Hannah McCarthy: But first, if you want a primer on more Supreme Court decisions, along with a breakdown of every branch of government, our election system, our foundational documents and a history of our main parties. Nick and I took what we learned over many years of getting to know our government and systems and put it into a book. It's called A User's Guide to Democracy How America Works and You Can Get It at Your Bookseller of Choice.
Nick Capodice: And by the way, the cartoons in our book were drawn by the brilliant [00:13:30] Tom Toro, who has just illustrated a children's book called I'm Terrified Of Bathtime. You should check that out while you're at it.
Hannah McCarthy: All right, we're back. Citizens United versus FEC is being argued in the highest court of the land. So, Nick, what is the question they're arguing?

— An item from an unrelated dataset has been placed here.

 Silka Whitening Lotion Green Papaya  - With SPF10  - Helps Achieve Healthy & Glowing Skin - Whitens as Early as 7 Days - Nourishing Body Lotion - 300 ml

Nick Capodice: Well, at first it's what we call a very narrow question. It's very specific to one moment in time, can Citizens United distribute and advertise Hillary the movie on on demand [00:14:00] cable just before the primary? But as so often is the case, narrow questions can become big, sweeping rulings.
Archival: We'll hear an argument today in case zero eight 205 Citizens United versus the Federal Election Commission. Mr. Olson.
Archival: Mr. Chief Justice and may have pleased the Court.
Nick Capodice: There's a famous moment in the argument where the person representing the FEC, Deputy Solicitor General Malcolm L Stewart, is asked by the justices, Well, [00:14:30] what about a book? We're talking about a movie here, but what about a book.
Archival: That's pretty incredible? You think that if a book was published, a campaign biography that was the functional equivalent of express advocacy, that could be banned. I'm not saying it could be banned. I'm saying that Congress could prohibit the use...
Nick Capodice: Can the government ban a book critical of a candidate if it comes out before an election and the more conservative justices latched on to that and did not let go? They were very anti [00:15:00] banning books. The court meets to discuss how they're going to vote. And it seems like it's five four in favor of Citizens United. Chief Justice John Roberts was poised to write the opinion and Justice David Souter the dissent. But New Yorker reporter Jeffrey Toobin revealed that Souter's dissent was not your run of the mill dissent. It was very critical of Chief Justice Roberts and that it, quote, aired the court's dirty laundry. So Roberts said the case would be reheard in the next session [00:15:30] and Justice Kennedy would write the opinion. And Justice Souter retired.
Hannah McCarthy: Wow. Will we ever know what was in Justice Souter's dissent?
Nick Capodice: We will if you live that long, Hannah. His papers are set to be released in 2060. So in the next session, the decision was announced. Justice Anthony Kennedy wrote and read the opinion. And in a rare occurrence, Justice John Paul Stevens read his dissent, which was longer than the opinion, aloud from the bench. [00:16:00]
Hannah McCarthy: It never happens, right.
Nick Capodice: Sometimes.
Archival: Well, American democracy is still imperfect. Few outside the majority of this court would have thought its flaws included a shortage of corporate money in politics.
Hannah McCarthy: Okay, so the thing that everyone says about Citizens United, the sort of pop culture phrase that we all know about it, is that Citizens United decided that corporations are people. Yeah. Did it say that? Is that in there? [00:16:30]
Nick Capodice: No, it did not. Interestingly, that is not in Justice Kennedy's opinion. The decision says political speech rights do not depend on the identity of the speaker. That speaker can be a person or a group of people.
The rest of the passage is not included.